Jamais là où on l’attend, Quelle Chris est un des acteurs les moins orthodoxes de la scène rap actuelle. Après l’ironie de l’excellentissime Everything’s Fine en duo avec sa compagne Jean Grae, puis la critique sociale de Guns paru l’an dernier, on escomptait une nouvelle galette saupoudrée de soude caustique. D’autant plus que le propos de la première partie du projet parue en 2015 n’était pas particulièrement optimiste. Mais voilà, Innocent Country 2 est ce que le MC originaire de Détroit a fait de plus ensoleillé jusqu’à maintenant.
Le retour de Chris Keys derrière les platines y est pour quelque chose. Ce dernier a imprimé aux nouvelles pièces du rappeur l’atmosphère torride des plages californiennes à proximité desquelles il réside.

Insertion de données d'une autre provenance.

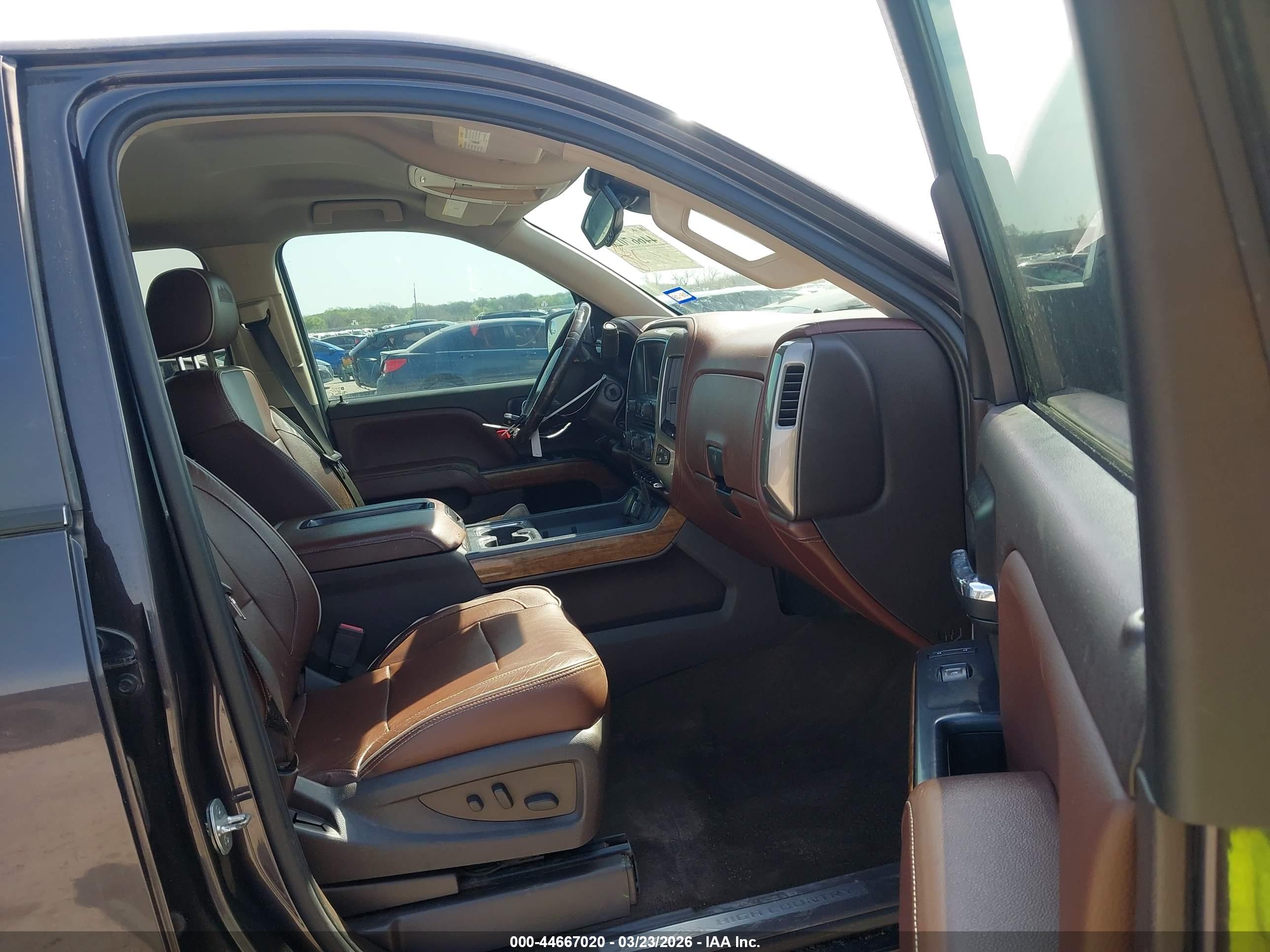 CHEVROLET SILVERADO image 5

Toujours marqué par le travail de J Dilla et de Pete Rock, il balance tout en douceur des rythmiques en apnée mâtinées d’accords de piano jazzy. La langueur de ces musiques s’accorde bien aux textes de Quelle Chris qui, sans se départir de sa goguenardise habituelle, sort de sa misanthropie de façade pour tendre la main à son prochain.
Cette fête de fin de soirée estivale compte de nombreux invités dont les plus connus sont Merrill Garbus (Tune-Yards) et Earl Sweatshirt. Ils apportent un peu de variété à un album qui court parfois le risque de devenir trop homogène. Heureusement, Keys n’est jamais à court de bonnes idées et les meilleures viennent surtout en fin de parcours : le rythme funky de la très chouette Sudden Death, les arrangements somptueux de Graphic Bleed Outs et les chœurs gospel de Mirage. Au final, sans être de la même trempe que les deux opus précédents de Quelle Chris, Innocent Country 2 est un très bon cru.